Вводя в структуру сознания семиотическое опосредование как центральное звено, Выготский по логике вещей должен был бы обратиться к его формам, более сложным по сравнению с теми, которые достигаются с помощью «знака-без-значения». В основном этому посвящена его книга «Мышление и речь». Среди богатства содержащихся в ней идей мы хотели бы выделить в качестве наиболее релевантных для нашей темы следующие.
Во-первых, это исследование Выготским развития понятий (а точнее, обобщений). Здесь им показано, что развитие обобщений также подчиняется сигнификативному принципу. Вначале обобщения образуются по чувственной ассоциации, затем по мере врастания в общение, по мере овладения предметами окружающего мира появляются и обобщения логического характера. Вместе с тем Выготский был вынужден признать, что различного рода до-понятийные обобщения, «псевдопонятия» в его терминологии, не только формально очень похожи на истинные понятия, но и в реальном функционировании мышления их очень трудно отделить друг от друга. Мы же позволим себе заметить, что далеко не все взрослые (напомним, Выготский говорит о детях) пользуются в своем мышлении «истинными» понятиями. Сплошь и рядом встречается мышление «в комплексах», как их понимал Выготский. Иногда человек вполне способен использовать достаточно строгие обобщения в пределах той теоретической и практической области, где он компетентен. В остальных случаях в ход идут «комплексы».

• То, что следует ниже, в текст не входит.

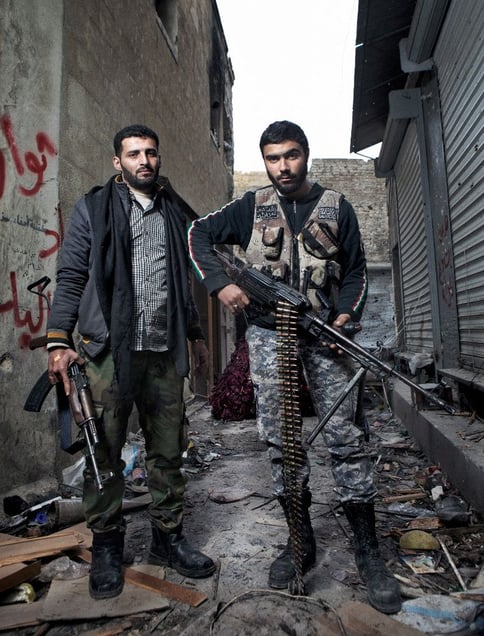 Two FSA rebels hold their weapons for a portrait near a front line checkpoint in the old city district of Aleppo on February 9, 2013. © Nish Nalbandian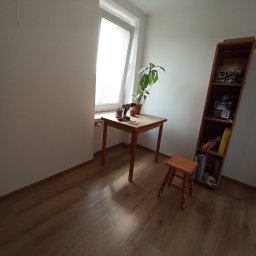 B.O.S_BuD - Pokój z drewnianą podłogą, stołem przy oknie, rośliną doniczkową i narzędziami. Widoczny regał z półkami i mały stołek. Przygotowania do pracy.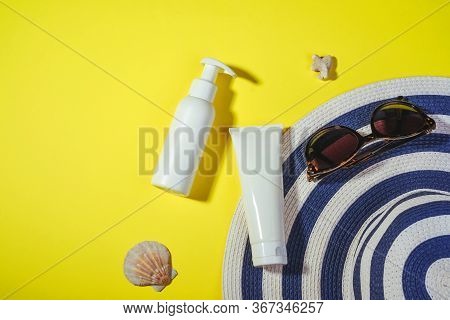 Sunprotection Objects. Straw Woman Hat With Sun Glasses And Protection Cream Spf On Yellow Backgroun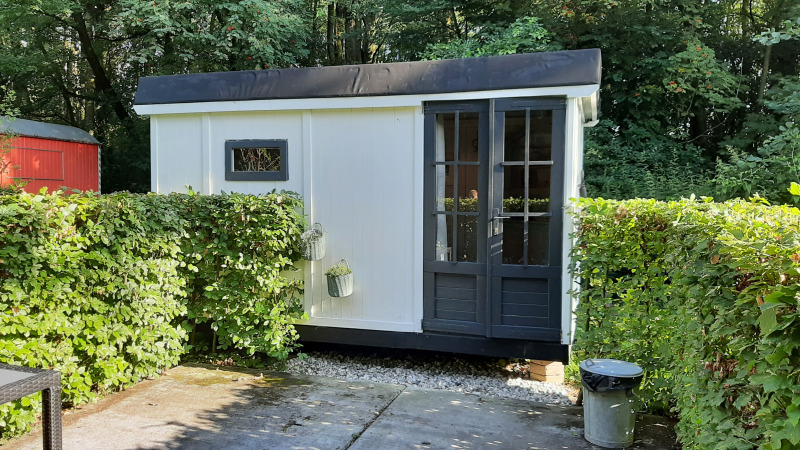 Pequeño albergue blanco llamado Pipo Maison en Buytenplaets Suydersee, Países Bajos, con setos verdes alrededor.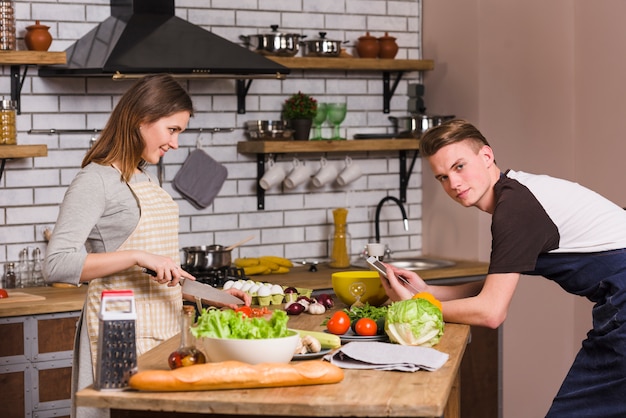 Young couple at table cooking in kitchen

Во-вторых, следует обратить внимание на проблему внутренней речи. О внутренней речи вообще и ее трактовке Выготским написана гора литературы. Мы же хотели бы выделить вот какой момент: то значение, которое он придавал внутренней речи, логически связано с его понятием семиотического опосредования сознания. Если вначале знак структурирует сознание, то теперь, «в глубине» его, превратившись во внутреннюю речь, которая по определению Выготского «есть в значительной мере мышление чистыми значениями»[830], знак приобретает иное бытие, он становится, если воспользоваться классической формулой, «непосредственной действительностью мысли».
Вместе с тем нам представляется, что в «Мышлении и речи», особенно в седьмой главе, озаглавленной «Мысль и слово», Выготский в определенной мере отходит от идеи об управляющей роли знака. Сама действительность мышления оказывается сложнее, чем жесткая схема. И этот отход позволяет ему сформулировать некоторые весьма важные положения. Когда Выготский указывает, что мышление и слово образуют два полюса, между которыми совершается движение сознания, и что движение это отнюдь не механическое, не жестко детерминированное внешними обстоятельствами, когда он показывает несовпадение, дивергенцию плана мышления и плана выражения, когда он утверждает, что мысль не выражается, а совершается в слове, тогда улетучиваются последние следы его рефлексологической терминологии. На страницах «Мышления и речи», посвященных средствам вербального мышления и особенно совершению мысли в слове, существенно уточняются представления о семиотическом опосредовании психики: на место «голого знака» встает семантика предпонятийного и понятийного мышления, внутренняя речь, речь «про себя» и, наконец, сам процесс осознания некоторого содержания как движение от смутно ощущаемого замысла к четкому выражению. Поэтому вполне оправдана фраза, которой заканчивается книга:
«Осмысленное слово есть макрокосм человеческого сознания»[831].
В литературе о Выготском довольно часто, особенно в последнее время, указывается на то, что он нередко использовал чужие идеи, не заботясь о ссылках, точности цитирования и т.п.